This post is the first post of a series: Big Thoughts Friday.  Every friday I will post something about bigger questions and issues related to social media.   For example, this post (and the next couple) all try to identify the important incentive problems that arise in social media.  Richard Hamming suggested setting aside some time every week from you normal work to think “big thoughts” about your field: what are the big questions and what might progress on those questions look like.   He suggests that doing this is important to insure that end up making larger research contributions to important problems, rather than lots of incremental contributions.  Big Thoughs Friday is my attempt to do this.

To this point, most of my work has been focused on providing incentives for users to contribute information to social computing systems.  For example, I have described a side-effect mechanism and a minimum threshold mechanism for inducing users to contribute information.  Contribution is primarily an issue of quantity: are we getting enough contributions from users?  But there are many other important properties of social computing systems that are controlled by users and are therefore amenable to incentives.  Here is a brief list of a number of places that incentive mechanisms might be able to improve social computing systems:

The most obvious one that always gets mentioned is quality.  How can we make sure that what users contribute is actually worthwhile?  This is a big issue in a lot of social computing systems; are “status updates” on Facebook really worth anything?  Quality becomes even more important of an issue when you start to think about designing social computing systems for a specific purpose.  Random status messages about your (lack of) personal hygeine might work for Twitter, but can be a big nuissance on a corporate social networking site.

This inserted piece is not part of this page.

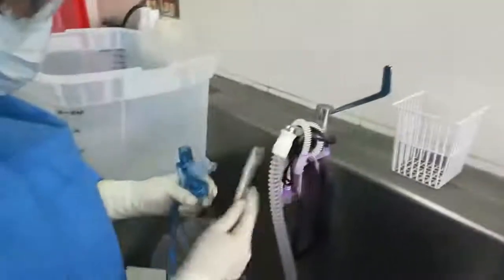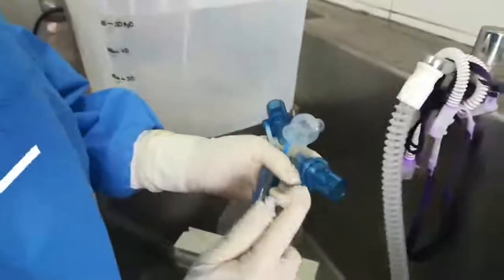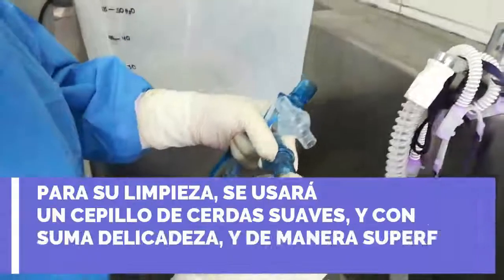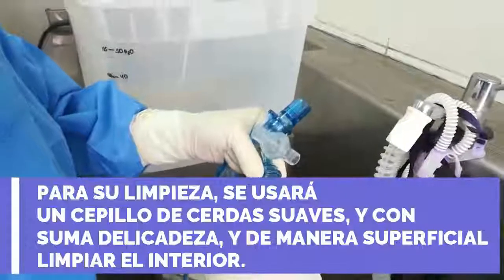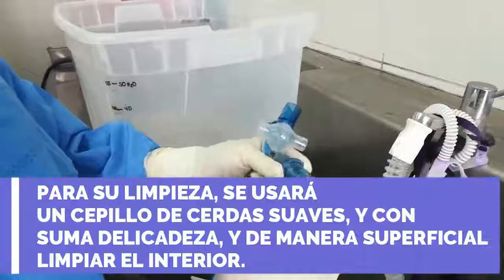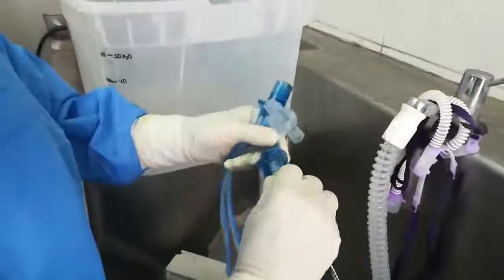Son cepillos más delgaditos para tener cuidado con el diafragma en la parte interna, para no romperlo. Entonces, con mucho cuidado ingreso el cepillito para que salgan las secreciones pegadas y se trate el diafragma interno.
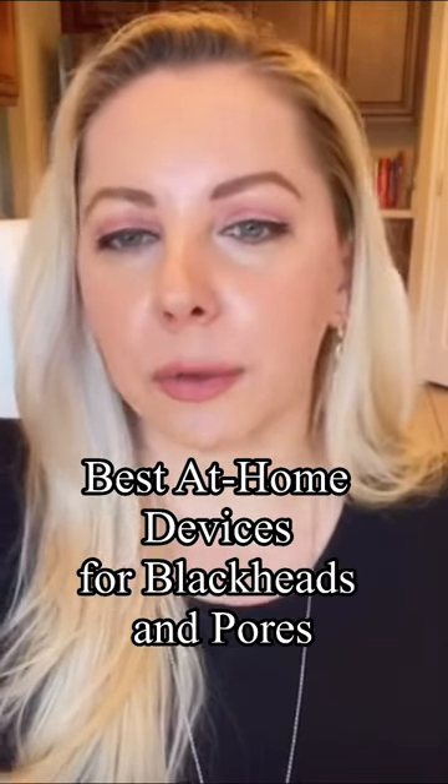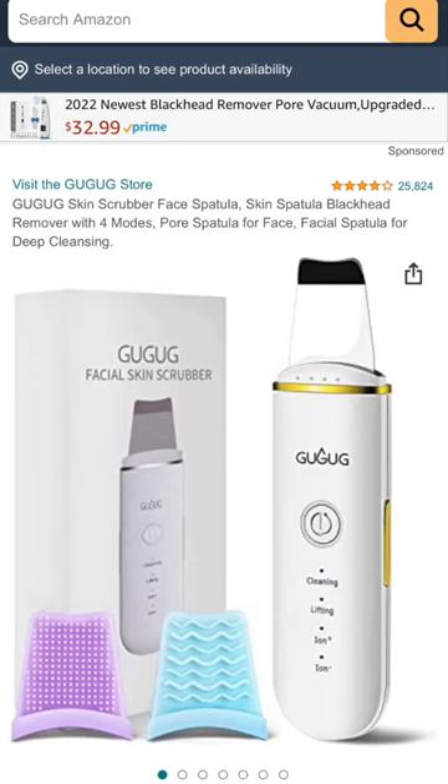If you want your pores really clean — you shouldn't do it often, but you can do it like once a month — there are a couple of devices you can get and use at home. One of them is an ultrasonic spatula. You gently move it across your face and it's going to gently extract all of these sebaceous filaments from your skin.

Another issue on social computing systems is user retention.  How can these systems keep their users coming back regularly?  And why do some users stop using these systems?  Getting a user to contribute to Facebook is good, but if they only visit the website once a month, and then stop altogether after 6 months then they aren’t really adding much to the system.  On Wikipedia and in open source, we frequently see regular contributors suddenly stopping their contributions for no apparent reason.  There are many one-tweet wonders. Why is this?  How can we get them to stick around and continue contributing?   And, should we do this, or is it better to let them leave?

Many social computing systems work best when users collaborate with each other.  For example, Wikipedia is a much better encyclopedia when users collaborate and co-author articles and edit existing articles; its competition Google Knol has exclusively single-author articles.  How can we motivate users to not just contribute, but to work together so that the sum is greater than the parts?

And finally, since most social computing systems are open to pretty much anybody, one of the big issues is maliciousness: not all contributions support goals of the system.   Trolls on Slashdot are a classic example.  But the problem is a lot bigger than that.  Blogs and wikis regularly suffer from massive amounts of spam that can make them almost unusable. Is it possible to discourage people from this type of contribution? In some ways this is similar to the issue of quality, but focuses on the opposite side: reducing unwanted contributing rather than encouraging valuable contributions.